◆ Data excerpt
══════════

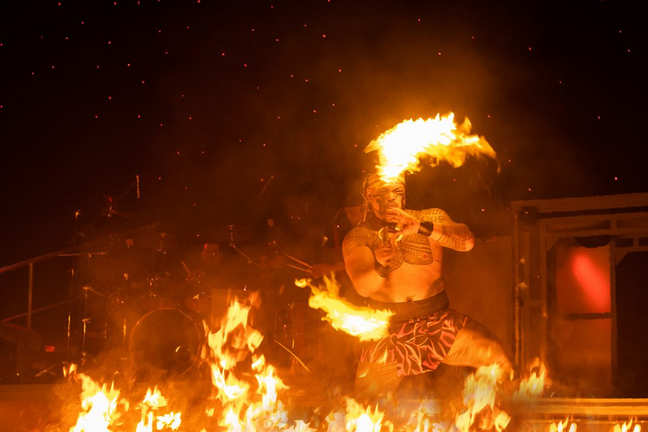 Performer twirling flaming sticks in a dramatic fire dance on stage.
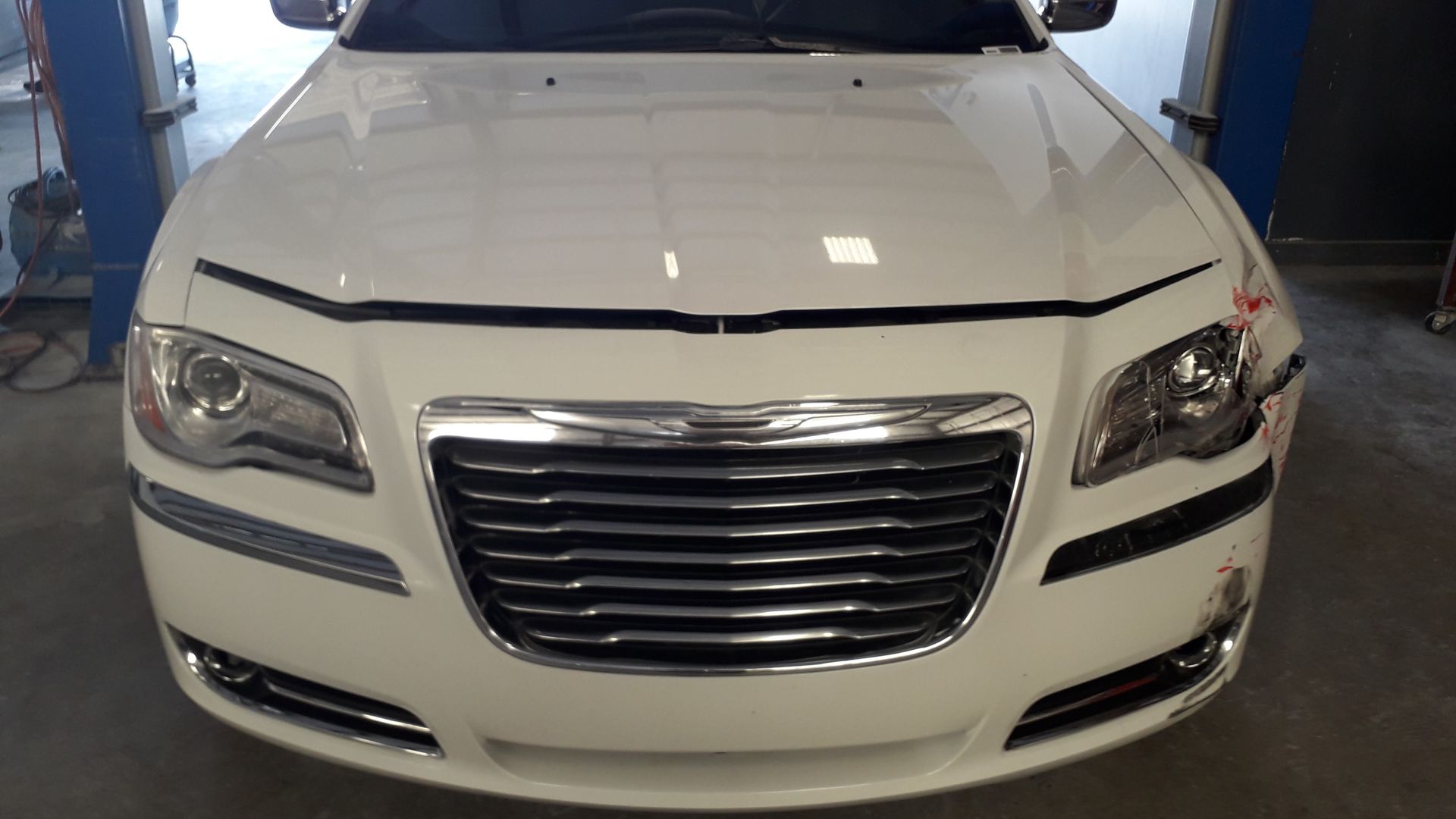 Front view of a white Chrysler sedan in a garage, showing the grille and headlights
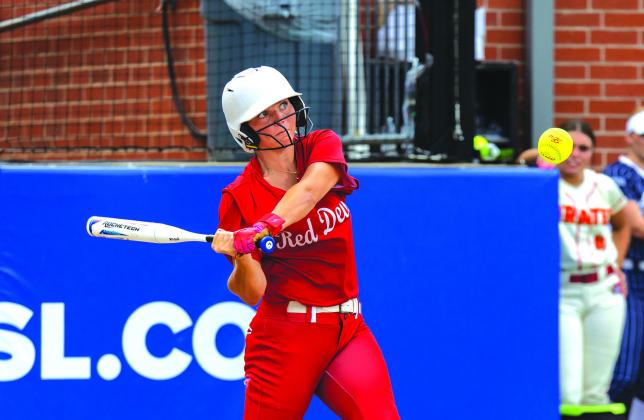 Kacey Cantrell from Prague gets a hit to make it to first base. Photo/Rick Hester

══════════

◆ What to do
Go through the data above and transcribe it in full, omitting any image.

◆ Task output
 Performer twirling flaming sticks in a dramatic fire dance on stage.
 Front view of a white Chrysler sedan in a garage, showing the grille and headlights
 Kacey Cantrell from Prague gets a hit to make it to first base. Photo/Rick Hester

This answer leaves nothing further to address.